**Required work:** Return the listing verbatim, images left out.

**Extracted information:**
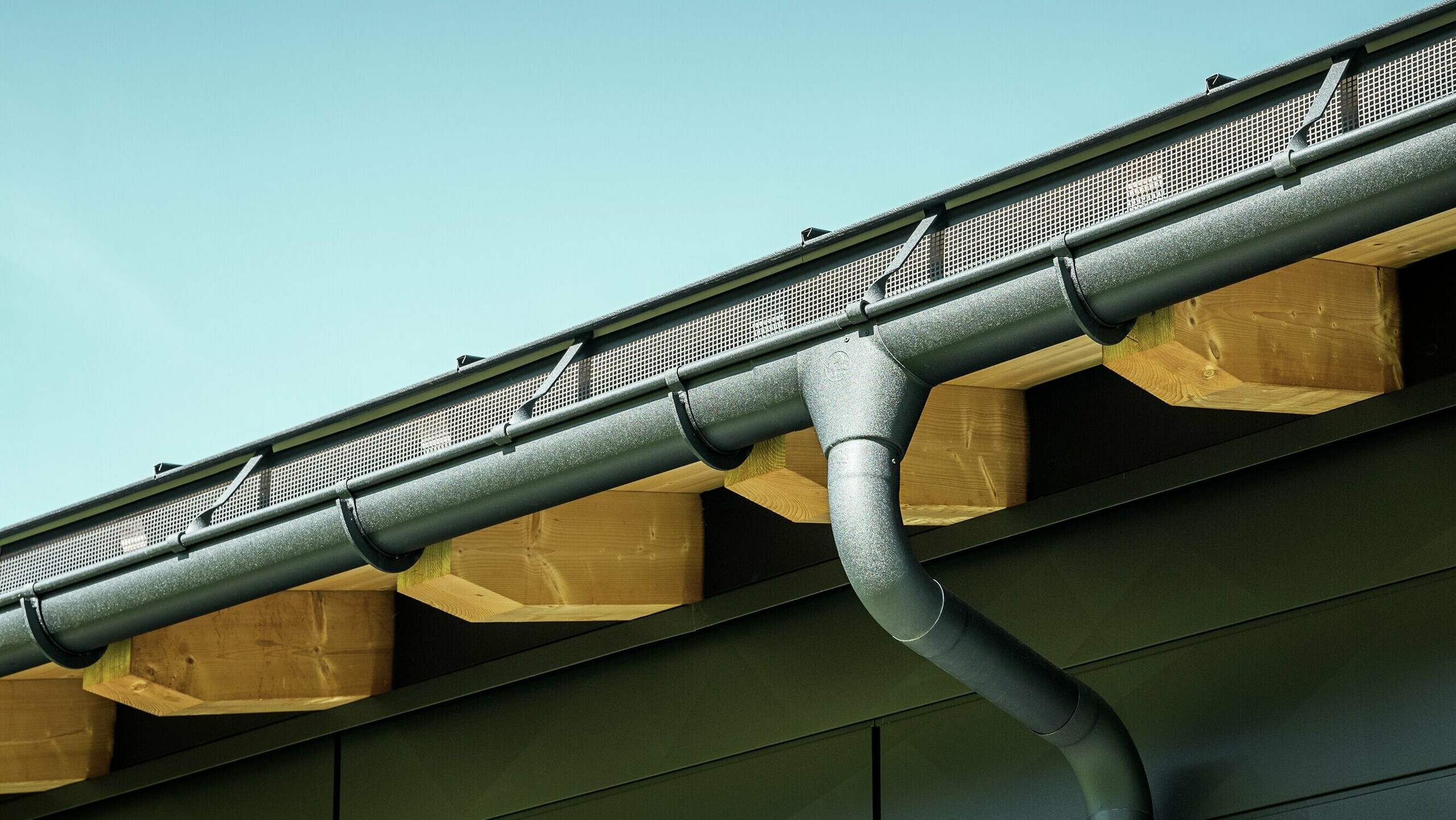 Detailní záběr fasády moderního rodinného domu v Ascharině ve Švýcarsku. Stěny budovy byly obloženy výraznými fasádními panely PREFA Siding.X v barvě P.10 černá. Barevně sladěný je také okapový systém PREFA s půlkulatým žlabem a kruhovým svodem.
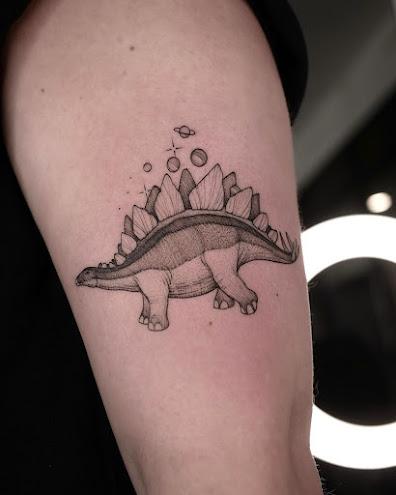 Dinosaurios en la piel por María Fernández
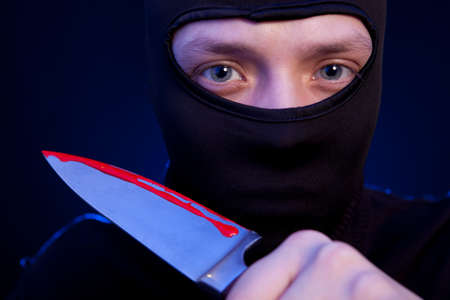 Man criminal in black mask with knife over dark blue backgroundの写真素材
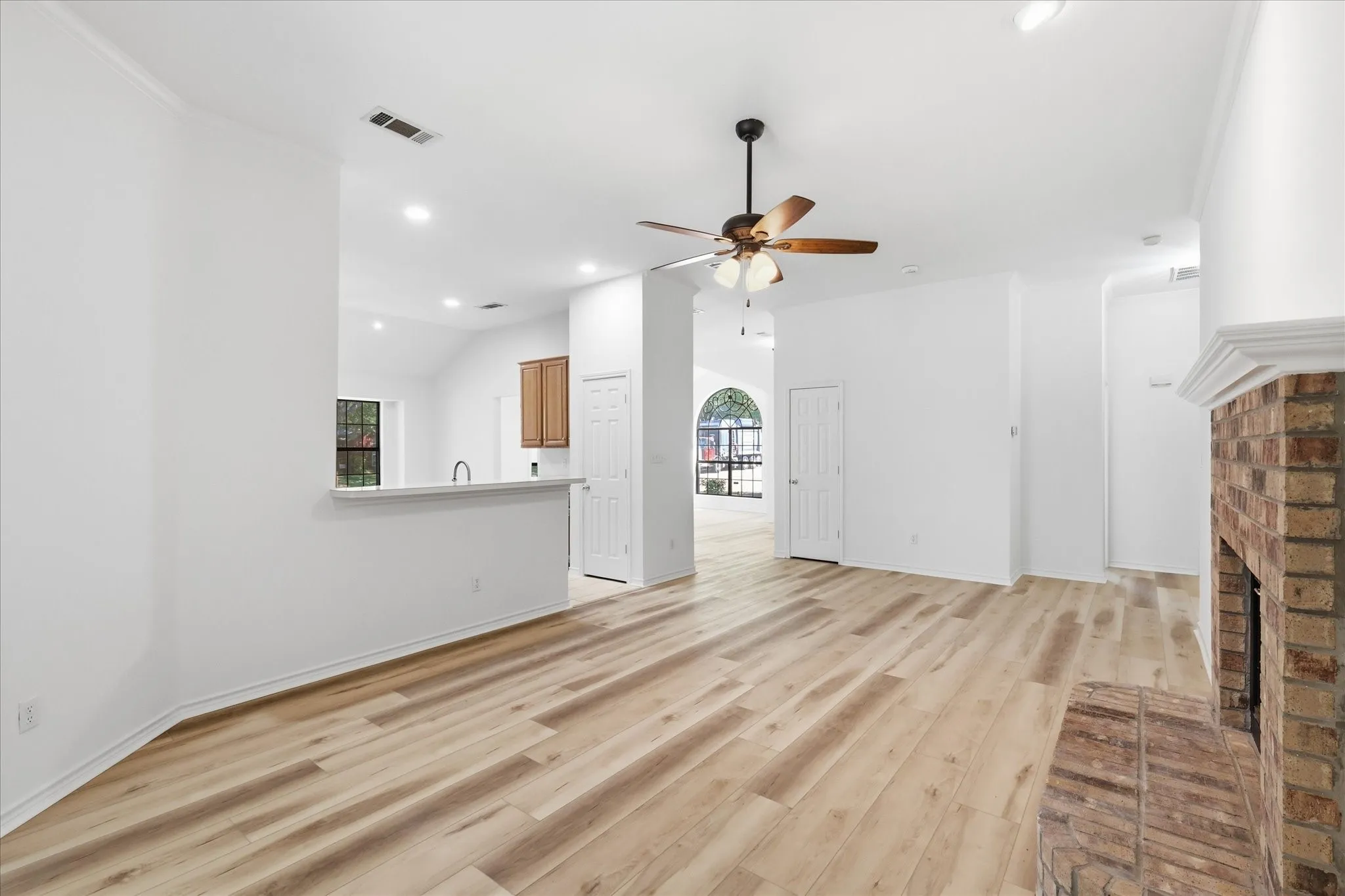 Spacious interior featuring wood-finish flooring, a brick fireplace with a white mantel, and a ceiling fan with integrated lighting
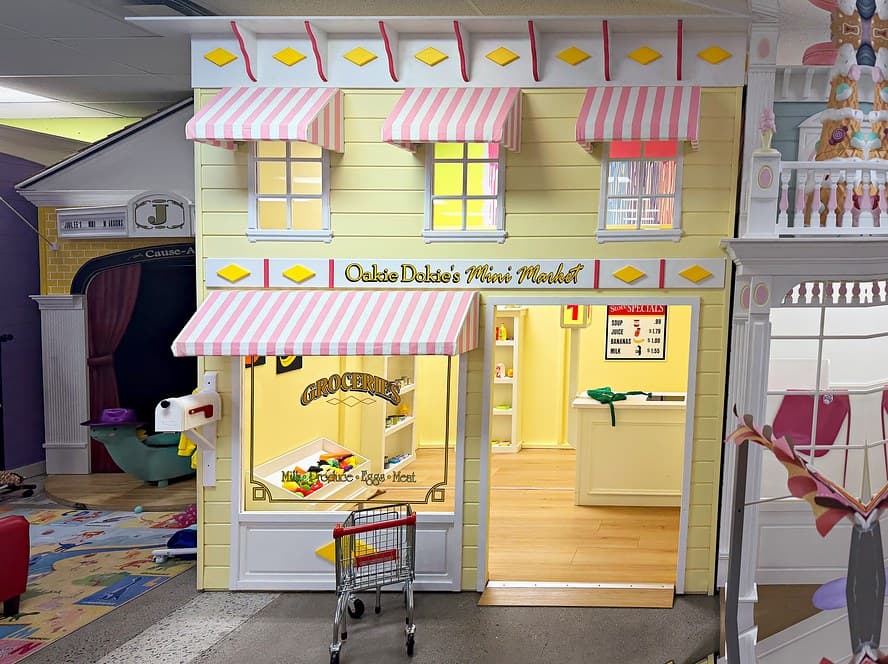 Oakie Dokie's Mini Market with pink-striped awnings and a tiny shopping cart at the door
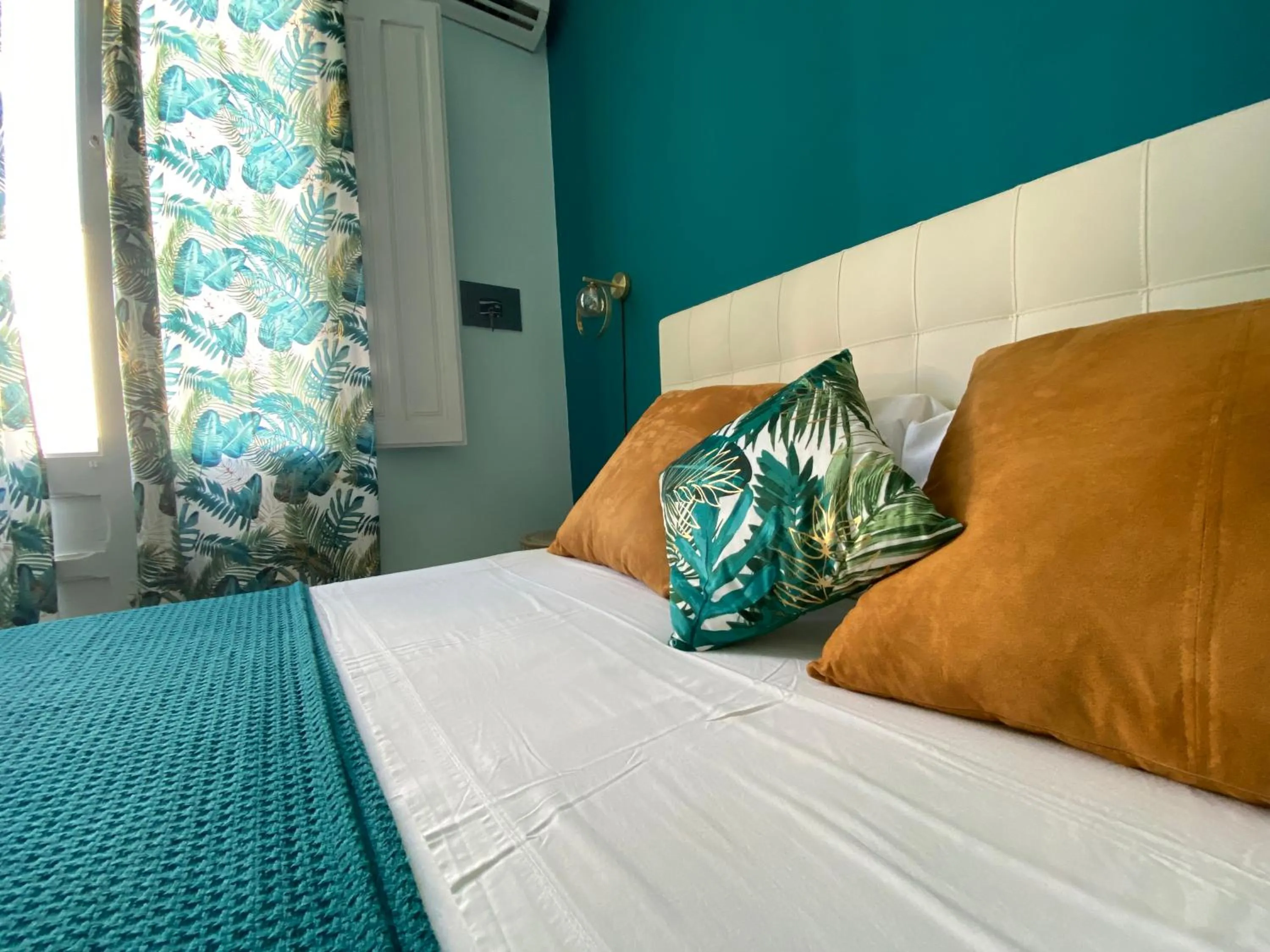 Bed in AFFITTACAMERE PIAZZA MAMELI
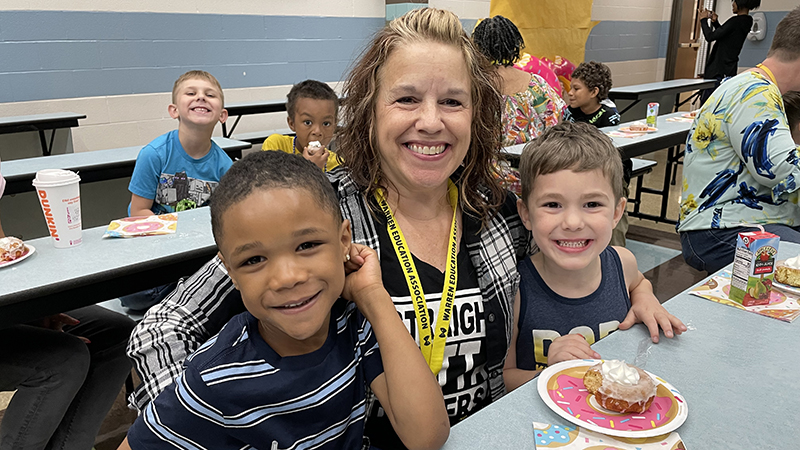 Mrs. Roberts celebrates with her donut award winners.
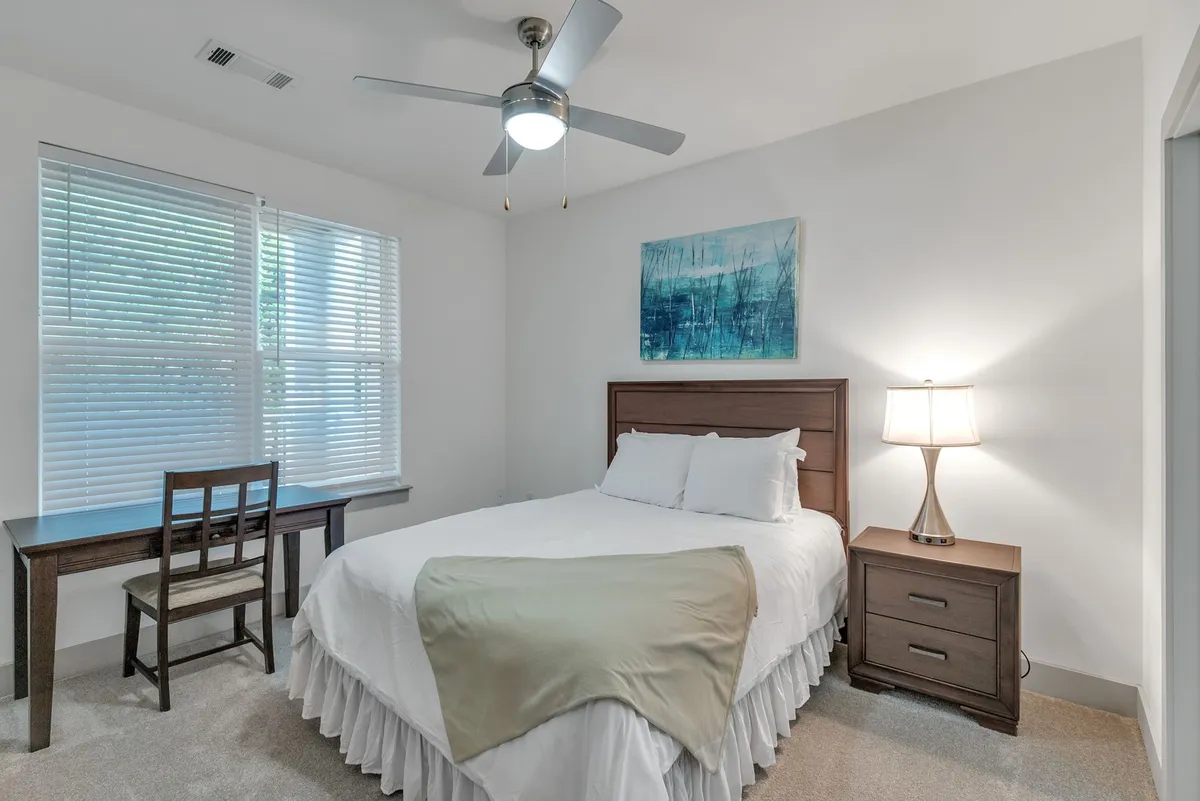 The image showcases a tranquil, sunlit bedroom with a plush queen bed, a modern desk setup for work or creative pursuits, soft ambient lighting from a stylish lamp, and elegant artwork adorning the walls. The overall mood is serene and inviting, signaling both comfort and productivity.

**Output of the exercise:**
 Detailní záběr fasády moderního rodinného domu v Ascharině ve Švýcarsku. Stěny budovy byly obloženy výraznými fasádními panely PREFA Siding.X v barvě P.10 černá. Barevně sladěný je také okapový systém PREFA s půlkulatým žlabem a kruhovým svodem.
 Dinosaurios en la piel por María Fernández
 Man criminal in black mask with knife over dark blue backgroundの写真素材
 Spacious interior featuring wood-finish flooring, a brick fireplace with a white mantel, and a ceiling fan with integrated lighting
 Oakie Dokie's Mini Market with pink-striped awnings and a tiny shopping cart at the door
 Bed in AFFITTACAMERE PIAZZA MAMELI
 Mrs. Roberts celebrates with her donut award winners.
 The image showcases a tranquil, sunlit bedroom with a plush queen bed, a modern desk setup for work or creative pursuits, soft ambient lighting from a stylish lamp, and elegant artwork adorning the walls. The overall mood is serene and inviting, signaling both comfort and productivity.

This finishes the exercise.